La gestion de la Servitude CRM, située au quartier Cikonyi, en commune de Bagira, est au cœur d’un conflit opposant le Comité de la Servitude CRM aux propriétaires de kiosques installés au centre CRM.
Dans un communiqué rendu public le 27 juillet 2026, le Comité indique que cet espace public a été aménagé et développé par la population depuis 2012 grâce à des contributions communautaires.
Selon lui, la Servitude CRM est devenue un patrimoine collectif indispensable aux habitants des quartiers Cikonyi, Mulambula et Cikera.
Le Comité affirme que cet espace joue plusieurs rôles d’utilité publique. Il sert de parking, lieu de déchargement des produits de première nécessité, d’espace de stockage des matériaux de construction, de cadre pour les réunions des autorités, les activités de plusieurs établissements scolaires ainsi que les rassemblements religieux de différentes églises, etc.
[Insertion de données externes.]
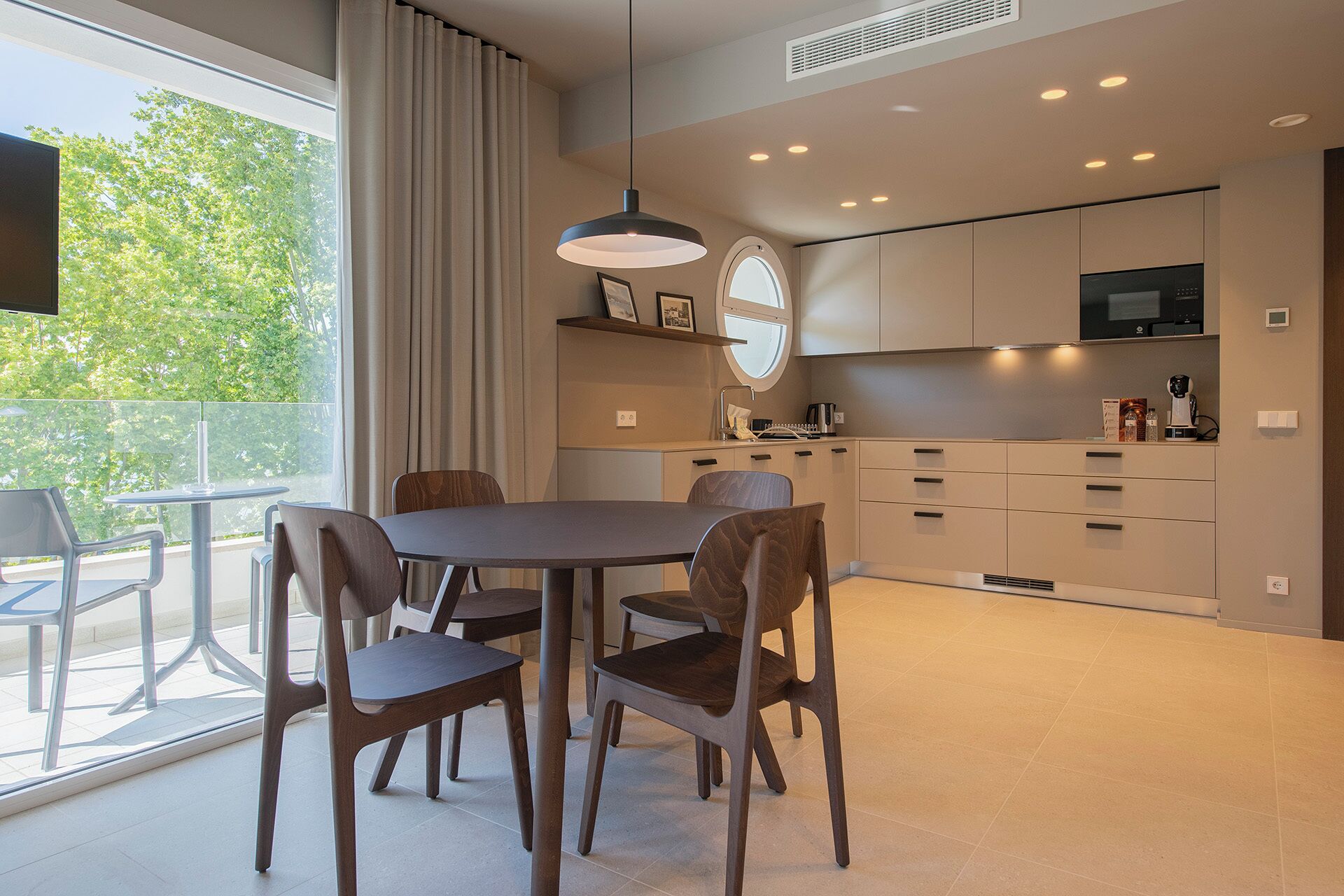 Una cocina moderna con comedor, con una mesa redonda y sillas, un gran ventanal con cortinas y electrodomésticos integrados.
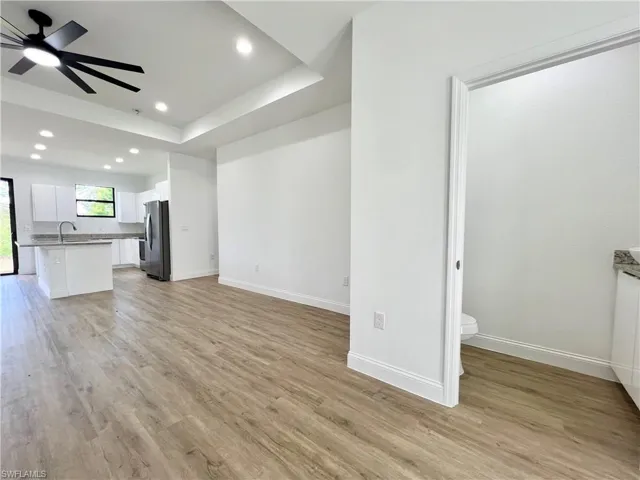 Unfurnished living room with a raised ceiling, light hardwood / wood-style floors, sink, and ceiling fan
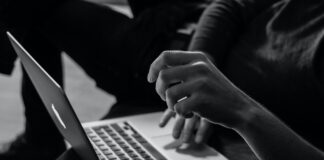 grayscale photo of person using MacBook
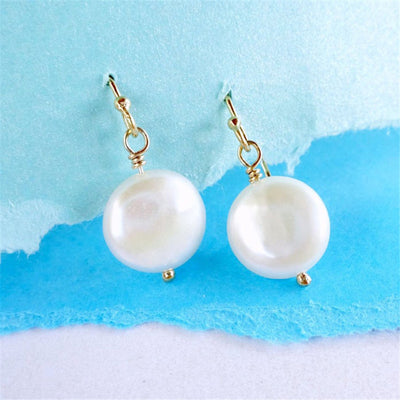 Boucle d'oreille en perles baroques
Cependant, ses responsables dénoncent des tentatives d’occupation illégale de cette servitude par des particuliers qui envisageraient d’y installer des conteneurs à des fins privées. Ils estiment qu’une telle initiative priverait la communauté d’un espace essentiel et sollicitent l’intervention des autorités provinciales, urbaines et communales afin d’assurer la protection définitive de ce patrimoine communautaire.
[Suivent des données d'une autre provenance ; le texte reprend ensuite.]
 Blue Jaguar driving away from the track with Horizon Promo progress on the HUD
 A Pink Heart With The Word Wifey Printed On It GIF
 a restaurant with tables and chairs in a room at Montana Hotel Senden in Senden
Le Comité exprime également sa reconnaissance au bourgmestre de Bagira pour son implication dans la préservation de cet espace.
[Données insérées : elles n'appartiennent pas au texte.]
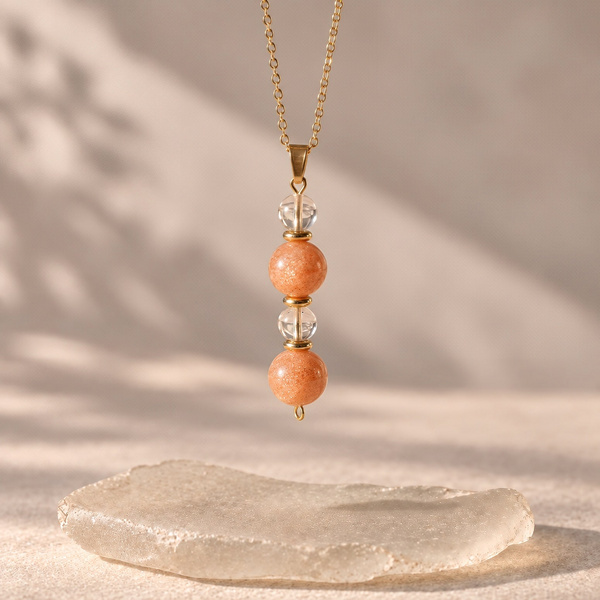 Heliodora, pendentif en pierre de soleil et cristal de roche suspendu, perles orange et transparentes l’une sous l’autre.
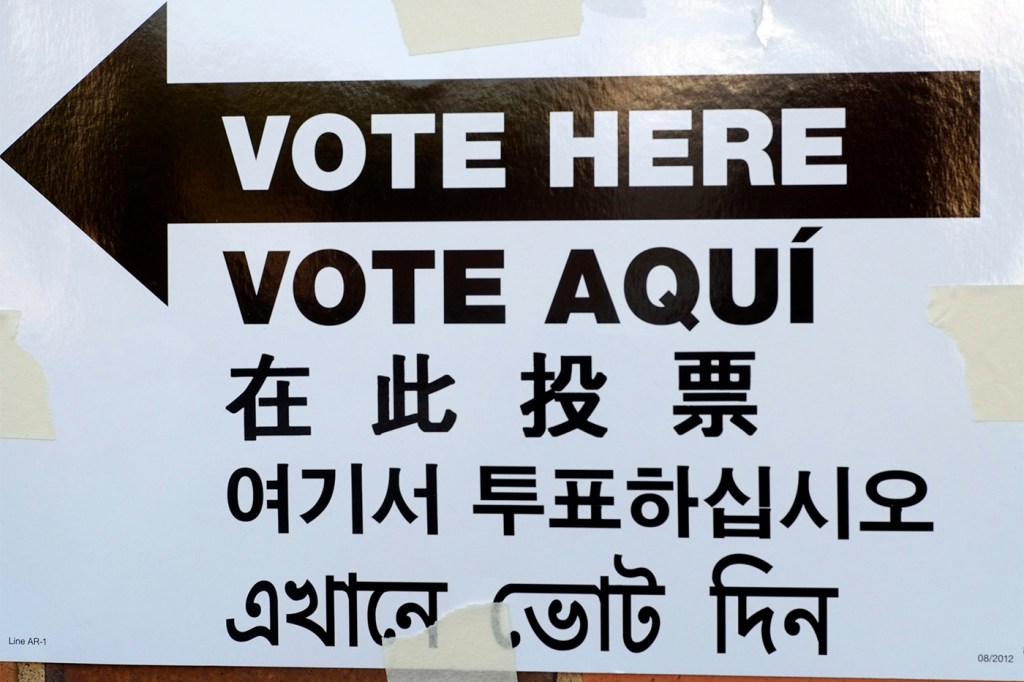 A sign that says 'Vote Here' in five different languages; English, Spanish, Chinese, Korean, and Bengali.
De leur côté, les propriétaires des kiosques disent avoir été informés d’une décision verbale de déguerpissement. Dans leur correspondance adressée au bourgmestre, ils se présentent comme des locataires de bonne foi qui s’acquittent régulièrement de leurs obligations fiscales. Ils rappellent avoir entrepris, sur fonds propres, les travaux de pavage de la route menant au centre CRM dans le but de contribuer au développement de leur milieu de travail.
Ils affirment également avoir un projet de transformation de leurs kiosques en échoppes conformes aux exigences de l’État et demandent la suspension de toute mesure d’expulsion.
Selon eux, un dialogue permettrait de trouver une solution équilibrée, dans l’intérêt de la population et dans le respect de la paix sociale.
Jusqu’à présent, les autorités provinciales, urbaines et communales n’ont pas encore communiqué officiellement leur position sur ce dossier, qui continue de susciter l’attention des habitants de Bagira.